# Bike Shops - Jakarta



## ussr (Nov 7, 2011)

Hey my Indonesian mates,

I will be in JKT for a week and am hoping to browse some bike frames (Transition) or perhaps some MTB gears... would be great if some locals can tell me where i should head to.

Thanks!


----------



## inter (Nov 27, 2010)

Jkt is big and crowded, traffic everywhere..
depends where u stay. 
u can go to Senayan Trade Center, it is a shopping center, has more than 5 bicycle stores.
if u in north jkt, goto kelapa gading, a few big stores there.
if west jkt, u can go to Serpong city, a few big stores, search for republic bike or rodalink, or rumah sepeda. 
good luck.


----------



## cassava (Sep 14, 2011)

It's my hometown.
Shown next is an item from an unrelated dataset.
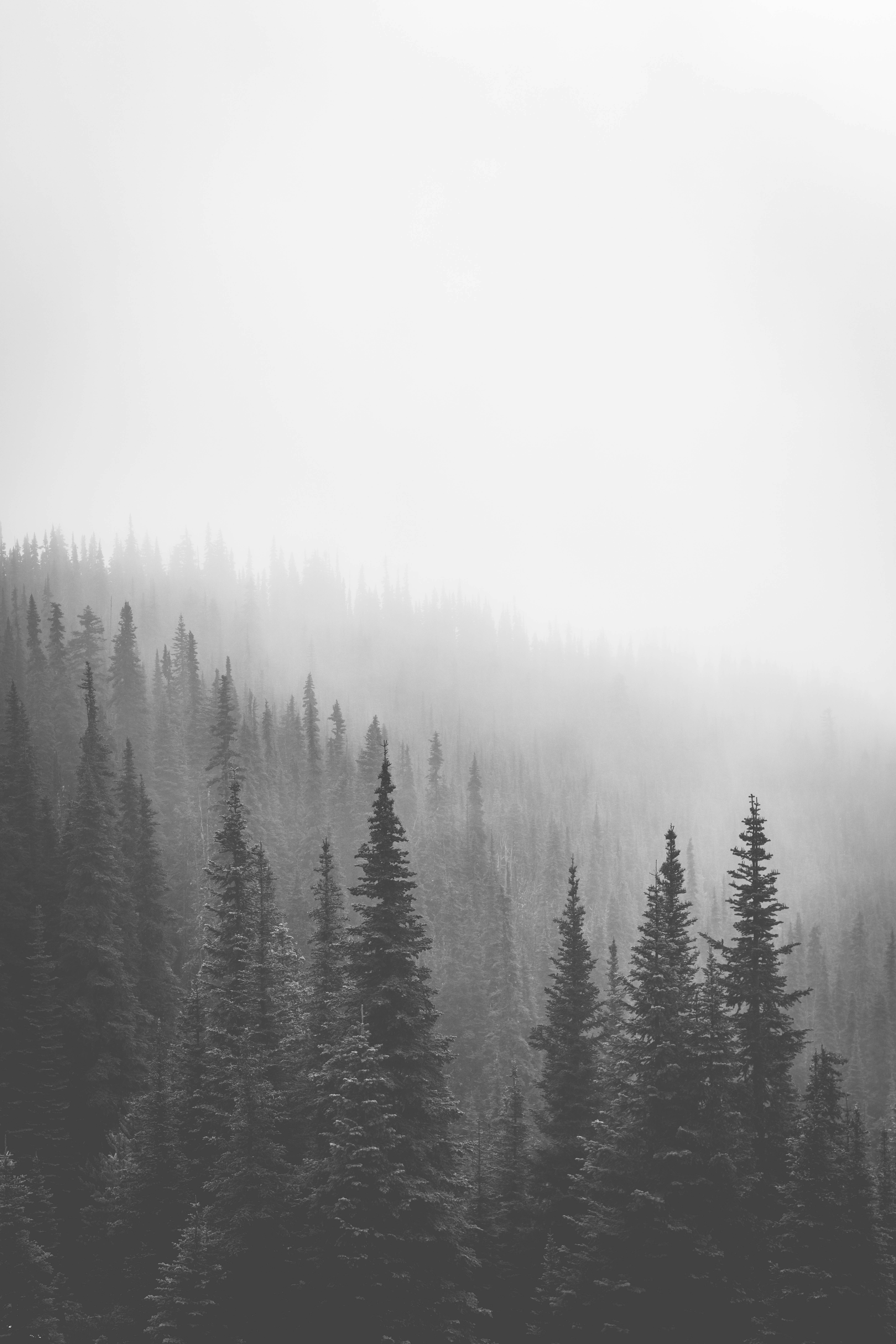Misty evergreen forest on a foggy mountain slope.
I think the store named Roda Link could provide what you want or just go to CJ Bikes at Tebet, South Jakarta. 

Here's the address..

CJ BIKE 
Jl. Tebet Raya No.76B 
Tebet Timur 
Jakarta Selatan
Phone: 02183780352


----------



## dvsalim (May 10, 2009)

Bagusbike.com 
It's in serpong area.


----------



## Ales and Trails 2012 (Jul 10, 2012)

Good luck with your trip!


----------



## cactolith (Feb 5, 2013)

The two main high end shops in Jakarta that I used when I was there were Sepeda Kita and Build-A-Bike. Both can be found by Googling. Darno at SK is good, will let you shower and have a coffee waiting after your ride.


----------